Performance is last but no means least, now the PS5 only tops out at 1240p and can scale down to 720p, this is by far the softest mode and loses hair splines, lower LoD, shadows and again only RTGI in hideout means we do notice the sacrifices for that 60fps target. PS5 Pro can scale down to 900p levels but can also achieve 1440p (which appears to be the new target here). Again with a choice of TAAU or PSSR, but with PSSR the resolution never goes below 856p in my counts. The PS5 Pro manages to keep RTGI operational at least and offers a slightly sharper image than base PS5.
PS5 in its performance mode does remain close to that level pretty well, but the game appears to have some random issues that impact performance without glaringly obvious causes. Some are streaming issues, some are likely related to the Micropolygon work per frame, others may be RT, DRS and plain old fill-rate or bandwidth related, but we can have some 33ms spikes at times that can cause some judder with readouts never going below 50fps in my tests, they are not frequent but happen enough to notice them when they do.
PSSR costs approx 9.6% in performance, like for like, over TAAU. Likely similar base resolutions, but we do see more dips in the Performance mode using PSSR than TAAU with the trade off being superior image quality.
Balanced and Quality on PS5 Pro lock well to their 40 or 30fps target with some skips and dips that are largely in perceivable to most player. As PS5 Pro likely has headroom in these modes, the higher base resolutions mean PSSR has a noticeable, but smaller image boost over TAAU but no real cost ti performance now.
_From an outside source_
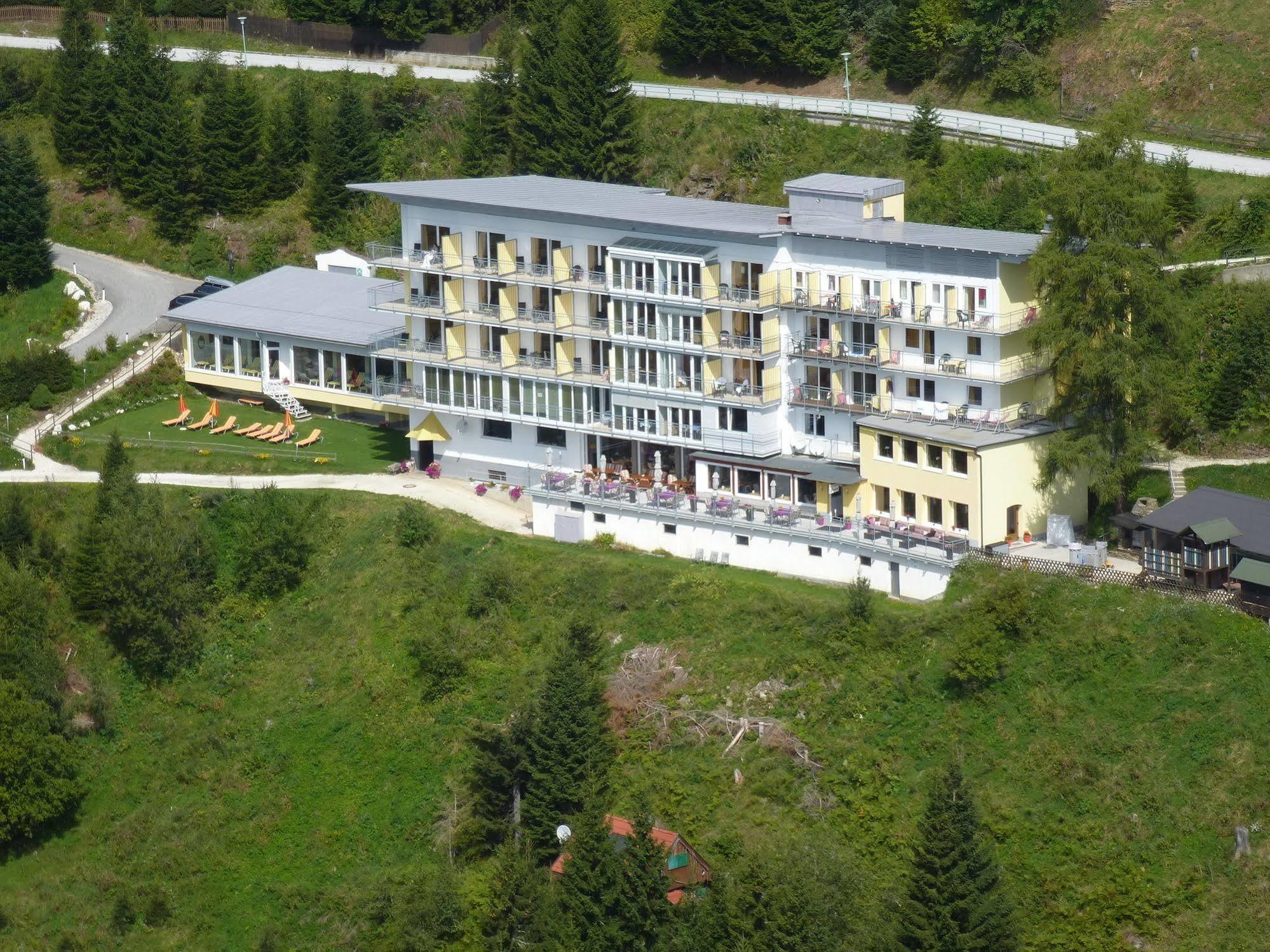 Sonnenhotel Zaubek Treffen Extérieur photo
As such PSSR makes the most sense in Performance but can be the only mode you notice the cost.
Summary
The AC series has been around for almost 20 years now, and in that time the series has grown in size, scale and rendering quality. With AC Shadows they have ramped up the technical tool kit, with a very obvious leaning towards key areas of the Snow Drop engine from massive, Volumetric clouds, procedural destruction and of course RT GI and Reflections. But, the core engine limits, gameplay loop and combat do not push forward as much as the veneer cover. AI is poor, robotic attacks, basic state models, clumps of enemies standing around and it feels far older in that score than the huge strides taken elsewhere. But most impactful are the bugs, many times kills and assassinations would fail, traversal can get you stuck on odd surfaces as it tracks an obvious spline through the scenery. Horse travel feels the most jarring, but combat also lacks the skill, range and flamboyant timing and parry that we go in GoT, and it is impossible to not compare the two. And on that score it falls short of the mark. It does still look stunning with excellent materials, lighting, foliage draw and models, albeit some areas in the cutscenes can range from very good, or not so good. But the demands on all hardware still feel higher compared to the visual return and performance, certainly on the RTX5090 area and, far less in the PS5 Pro, but the PSSR and balanced RT updates have shown there is clear room for improvement and the team will likely continue to patch and improve. But after a near 6 month delay, I would have hoped for a slightly higher level of quality, but I am very glad, as the version we would have got last year would have been far worse and not as polished as this version.